The Story of Modern Hanbok
Korean people wore traditional Hanboks daily. This beautiful garment has a deep history. And today, modernization has transcended this garb to a much more comfortable and stylish avatar. The
Hanbok itself means “Korean clothing“. It mainly has 2 chapters: the top part and the bottom part. For both men and women, the top piece of this robe, which is in fact a jacket, is called Jeogori. The bottom piece for women is a long skirt called chima, while men have relatively bigger and wider pants called baji. The Hanbok is a very comfortable dress. The wide silhouette ensures maximum comfort in movement. The dress is said to have been influenced by the nomadic tendencies of the Korean people at the time. The origin of the Hanbok traces back to the Goguryeo Dynasty, one of the three most important ancient kingdoms of Korea.
The design of the dress
There are no significant changes in the design or pattern of the Hanbok. Only a few minor changes were made based on the cultural impact. Because of the Mongol influence, during the reign of the Mongol Empire in the 13th century, the women’s jeogori was cropped in a shortened version that came above the waist. During the Joseon Dynasty, the social strata had a little influence on the design of the Hanbok. Commoners were limited to using only cotton fabric and white fabric for their clothing, while the Royals wore richly bright and vibrant colours in silk fabric.
The modern Hanbok
Nowadays, hanbok is limited to special and formal occasions, such as weddings, New Year’s, etc. But recently, there has been a wonderful change in the country where young couples wear Hanbok thanks to Gyeongbokgung Palace and Hanbok Tours, where the couples/people are supposed to wear the traditional Hanbok while on tour. Traditional Hanbok has taken a few modern twists. where a lot of street style and modern styles are adopted. Vibrant colours and quirky details brighten up this traditional attire.

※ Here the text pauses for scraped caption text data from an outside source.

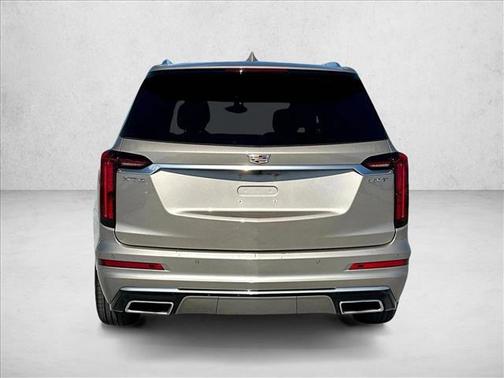 2022 Cadillac XT6 Luxury FWD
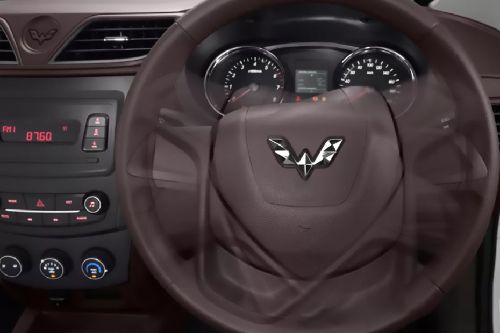 konsol tengah Formo Max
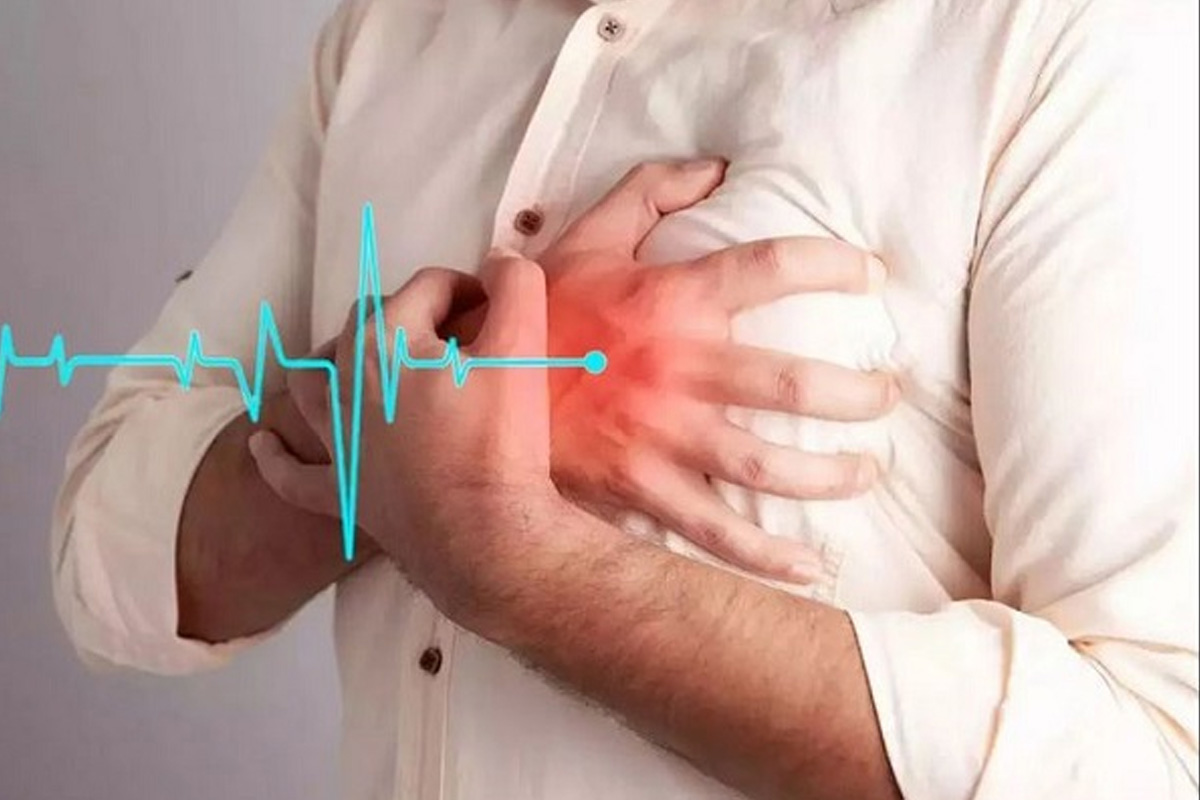 Người mắc bệnh tim thường xuất hiện triệu chứng khó thở kể cả khi không hoặc phải gắng sức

The country’s designers are also experimenting with the fabric. Now, denim and gingham are two of the most commonly used fabrics for making hanbok. Even global brands like Dior draw influence from the Royal Imperial patterns for their empire-waisted dresses.
Hanbok seems to be making a comeback in fashion. Women have already started experimenting with colours, styles, brands and patterns, while men are still somewhat reluctant to experiment. Yet this one piece of clothing is always a reminder of the beauty and value of this rich country.